In 2019, Brantley created Nevermore Park inside his old Chicago art studio because he wanted to tell the characters’ stories in a different way. He sought to explore how Flyboy and Lil Mama — the female character — live, what they eat, how they think, where they play, what public transportation looks like in their neighborhood. And he wanted it to be tangible, built for interaction. “In the higher-art world, it’s always ‘Look but don’t touch,’?” he says. In Nevermore Park, there are no such rules.

(11) SIGNS OF LIFE. NPR says “Australia’s Fire-Ravaged Forests Are Recovering. Ecologists Hope It Lasts”.

In the back corner of a burned lot in Australia’s fire-ravaged South Coast stands a torched tree. It’s uppermost branches reach into a cloudless sky, brittle and bare. Against its charred trunk rests half-burned rubble, remains from the gift shop it used to shade.

But that’s not where local resident Claire Polach is pointing. She gestures to the middle part of the tree, where lime green leaves sprout from blackened bark, as if the tree is wearing a shaggy sweater.

To Polach, the burst of regrowth is a sign that despite a months’ long assault of flame and smoke, the second-hottest summer on record and a multi-year drought, Australia’s nature “is doing it’s thing.”

As for people like her, recovering from the same? “We’ll follow the nature,” she says.

This cycle of fire, rain and recovery has played out in Australia for millennia. The majority of the country’s forests are uniquely adapted to fire. Some species need it. “Australia is, more than any other, a fire continent,” writes ecologist and historian Stephen Pyne in his book “World Fire.”

But scientists have long warned that a warming climate could mean more severe fires, more often. Now there are concerns that even a fire continent will struggle to recover from the scale and severity of recent events.

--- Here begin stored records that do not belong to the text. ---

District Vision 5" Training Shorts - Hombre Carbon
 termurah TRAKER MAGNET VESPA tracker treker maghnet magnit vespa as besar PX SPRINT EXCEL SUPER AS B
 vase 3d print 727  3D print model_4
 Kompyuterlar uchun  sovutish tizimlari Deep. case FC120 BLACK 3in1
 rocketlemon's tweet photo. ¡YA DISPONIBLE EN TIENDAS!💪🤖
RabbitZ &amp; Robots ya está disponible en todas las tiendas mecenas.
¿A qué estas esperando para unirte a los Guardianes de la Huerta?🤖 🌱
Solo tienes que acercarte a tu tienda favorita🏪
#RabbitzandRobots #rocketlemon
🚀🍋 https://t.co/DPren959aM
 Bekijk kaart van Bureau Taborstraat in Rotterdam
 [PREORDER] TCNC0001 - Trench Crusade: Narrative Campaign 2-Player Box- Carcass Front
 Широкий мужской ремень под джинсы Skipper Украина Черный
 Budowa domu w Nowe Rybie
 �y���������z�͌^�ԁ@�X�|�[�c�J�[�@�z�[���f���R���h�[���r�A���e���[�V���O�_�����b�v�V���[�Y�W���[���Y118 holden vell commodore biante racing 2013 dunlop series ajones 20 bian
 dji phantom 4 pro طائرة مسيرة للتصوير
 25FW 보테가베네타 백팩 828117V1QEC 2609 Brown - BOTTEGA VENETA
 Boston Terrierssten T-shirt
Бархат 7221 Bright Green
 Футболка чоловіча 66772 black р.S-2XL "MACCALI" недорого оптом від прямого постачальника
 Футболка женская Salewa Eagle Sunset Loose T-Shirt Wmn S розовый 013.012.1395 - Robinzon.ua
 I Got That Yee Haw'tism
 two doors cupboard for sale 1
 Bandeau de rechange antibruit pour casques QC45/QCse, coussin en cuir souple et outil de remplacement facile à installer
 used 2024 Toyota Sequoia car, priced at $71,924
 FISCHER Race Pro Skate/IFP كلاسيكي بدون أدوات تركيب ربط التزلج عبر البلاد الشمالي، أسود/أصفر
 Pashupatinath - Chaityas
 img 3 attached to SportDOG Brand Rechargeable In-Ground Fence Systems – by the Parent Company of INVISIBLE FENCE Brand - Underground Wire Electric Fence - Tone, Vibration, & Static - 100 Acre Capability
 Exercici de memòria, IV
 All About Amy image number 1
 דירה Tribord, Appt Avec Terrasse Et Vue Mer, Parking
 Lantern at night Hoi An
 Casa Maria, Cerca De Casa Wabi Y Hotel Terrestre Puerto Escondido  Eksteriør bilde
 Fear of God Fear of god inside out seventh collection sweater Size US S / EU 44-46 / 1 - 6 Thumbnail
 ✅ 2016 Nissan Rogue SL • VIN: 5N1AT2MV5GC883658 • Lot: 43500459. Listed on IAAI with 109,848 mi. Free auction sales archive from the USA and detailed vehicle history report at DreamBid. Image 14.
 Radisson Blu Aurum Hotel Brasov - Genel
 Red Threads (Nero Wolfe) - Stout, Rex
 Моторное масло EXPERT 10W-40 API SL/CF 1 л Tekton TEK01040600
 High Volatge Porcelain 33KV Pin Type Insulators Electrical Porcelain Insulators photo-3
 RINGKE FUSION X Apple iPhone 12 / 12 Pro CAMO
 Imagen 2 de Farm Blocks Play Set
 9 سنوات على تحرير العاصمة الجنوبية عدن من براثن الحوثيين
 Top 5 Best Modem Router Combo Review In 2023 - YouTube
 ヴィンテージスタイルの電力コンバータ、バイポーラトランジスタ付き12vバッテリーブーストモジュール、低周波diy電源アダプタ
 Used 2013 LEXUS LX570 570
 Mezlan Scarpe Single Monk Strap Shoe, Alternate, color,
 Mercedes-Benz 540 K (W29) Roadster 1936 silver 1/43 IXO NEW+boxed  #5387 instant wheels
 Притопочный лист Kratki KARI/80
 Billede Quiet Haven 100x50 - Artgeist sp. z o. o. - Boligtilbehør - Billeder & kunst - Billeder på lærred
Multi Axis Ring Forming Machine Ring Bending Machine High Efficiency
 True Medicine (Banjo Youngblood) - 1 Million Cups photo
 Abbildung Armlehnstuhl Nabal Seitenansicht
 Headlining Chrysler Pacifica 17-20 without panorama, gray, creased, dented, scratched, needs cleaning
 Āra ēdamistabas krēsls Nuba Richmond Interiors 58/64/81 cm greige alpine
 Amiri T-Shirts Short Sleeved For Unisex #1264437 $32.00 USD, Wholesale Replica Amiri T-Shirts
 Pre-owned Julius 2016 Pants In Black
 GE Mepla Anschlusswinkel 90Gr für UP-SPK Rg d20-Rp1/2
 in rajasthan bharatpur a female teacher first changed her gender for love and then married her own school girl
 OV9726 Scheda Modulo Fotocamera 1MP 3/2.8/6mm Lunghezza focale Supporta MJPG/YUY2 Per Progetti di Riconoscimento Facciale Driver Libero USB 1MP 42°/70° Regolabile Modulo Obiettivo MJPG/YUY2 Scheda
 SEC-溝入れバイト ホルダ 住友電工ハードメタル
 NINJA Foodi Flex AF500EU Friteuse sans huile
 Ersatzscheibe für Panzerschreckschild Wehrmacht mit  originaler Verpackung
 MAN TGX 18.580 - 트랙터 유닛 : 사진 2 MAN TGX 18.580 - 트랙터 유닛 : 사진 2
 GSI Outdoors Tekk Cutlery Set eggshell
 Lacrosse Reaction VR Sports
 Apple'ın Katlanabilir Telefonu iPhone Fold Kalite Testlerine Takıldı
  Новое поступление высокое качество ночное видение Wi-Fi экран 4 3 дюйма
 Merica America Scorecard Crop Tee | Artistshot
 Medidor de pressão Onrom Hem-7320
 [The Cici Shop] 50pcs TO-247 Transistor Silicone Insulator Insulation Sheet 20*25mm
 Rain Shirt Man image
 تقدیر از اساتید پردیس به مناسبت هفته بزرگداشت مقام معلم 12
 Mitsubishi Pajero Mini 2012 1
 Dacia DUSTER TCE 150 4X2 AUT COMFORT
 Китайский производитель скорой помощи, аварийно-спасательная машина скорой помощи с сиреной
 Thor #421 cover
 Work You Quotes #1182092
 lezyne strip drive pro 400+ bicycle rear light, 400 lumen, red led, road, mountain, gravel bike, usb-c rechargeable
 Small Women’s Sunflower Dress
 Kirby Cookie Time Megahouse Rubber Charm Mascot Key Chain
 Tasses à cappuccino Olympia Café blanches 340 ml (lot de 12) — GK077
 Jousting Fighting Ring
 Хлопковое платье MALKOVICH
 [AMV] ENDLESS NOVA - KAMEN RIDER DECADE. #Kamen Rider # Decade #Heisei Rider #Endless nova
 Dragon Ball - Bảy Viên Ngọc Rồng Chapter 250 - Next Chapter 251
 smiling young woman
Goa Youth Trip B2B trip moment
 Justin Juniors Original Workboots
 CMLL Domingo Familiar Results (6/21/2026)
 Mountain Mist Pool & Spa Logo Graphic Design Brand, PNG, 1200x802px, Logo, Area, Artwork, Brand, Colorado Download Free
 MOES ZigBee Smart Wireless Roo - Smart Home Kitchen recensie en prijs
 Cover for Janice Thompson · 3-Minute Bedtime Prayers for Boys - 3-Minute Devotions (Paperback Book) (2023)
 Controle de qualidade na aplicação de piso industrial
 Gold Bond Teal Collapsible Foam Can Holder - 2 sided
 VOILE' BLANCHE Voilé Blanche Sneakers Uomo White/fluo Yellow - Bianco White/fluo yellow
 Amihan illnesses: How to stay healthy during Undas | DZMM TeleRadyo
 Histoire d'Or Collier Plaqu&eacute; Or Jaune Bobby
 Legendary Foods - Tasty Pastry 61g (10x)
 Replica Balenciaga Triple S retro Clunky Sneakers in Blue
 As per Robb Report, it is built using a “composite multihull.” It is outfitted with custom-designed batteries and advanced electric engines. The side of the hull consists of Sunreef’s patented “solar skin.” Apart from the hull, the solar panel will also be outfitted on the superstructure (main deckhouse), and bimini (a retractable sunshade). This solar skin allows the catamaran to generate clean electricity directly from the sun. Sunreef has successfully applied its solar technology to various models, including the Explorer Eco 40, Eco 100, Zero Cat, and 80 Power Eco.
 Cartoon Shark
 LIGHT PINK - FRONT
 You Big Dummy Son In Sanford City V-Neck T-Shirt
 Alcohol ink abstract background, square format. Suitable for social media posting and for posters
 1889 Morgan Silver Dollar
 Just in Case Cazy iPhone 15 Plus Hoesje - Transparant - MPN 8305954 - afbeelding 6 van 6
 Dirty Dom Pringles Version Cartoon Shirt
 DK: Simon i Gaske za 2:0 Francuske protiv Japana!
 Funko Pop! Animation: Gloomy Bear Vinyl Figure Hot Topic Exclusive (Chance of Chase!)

New research published in the journal Nature Climate Change found that a staggering 21 percent of Australia’s forested area burned in the 2019-2020 fire season, a figure the authors say is “globally unprecedented” and may indicate “the more flammable future projected to eventuate under climate change has arrived earlier than anticipated.”

The question now is whether Australia’s nature can keep pace.

(12) MUIR, PLEASE. Maria Popova discusses “The Universe as an Infinite Storm of Beauty: John Muir on the Transcendent Interconnectedness of Nature” at Brain Pickings.

…A year earlier, during his famous thousand-mile walk to the Gulf of Mexico, Muir recorded his observations and meditations in a notebook inscribed John Muir, Earth-Planet, Universe. In one of the entries from this notebook, the twenty-nine-year-old Muir counters the human hubris of anthropocentricity in a sentiment far ahead of his time and, in many ways, ahead of our own as we grapple with our responsibility to the natural world. More than a century before Carl Sagan reminded us that we, like all creatures, are “made of starstuff,” Muir humbles us into our proper place in the cosmic order…

(13) GETTING THE LOWDOWN. NPR tells how “To Forecast Spring Flooding, NOAA Planes Fly Slow And Low”.

This time of year, pilots in small blue and white airplanes are busy gathering information about how much snow is on the ground — and more importantly, how much water that snow contains.

National Weather Service forecasters say parts of Minnesota could see flood conditions later this spring, according to preliminary outlooks. The National Weather Service flood outlook map says there’s a significantly elevated chance of flooding in the Upper Mississippi River and Red River watersheds.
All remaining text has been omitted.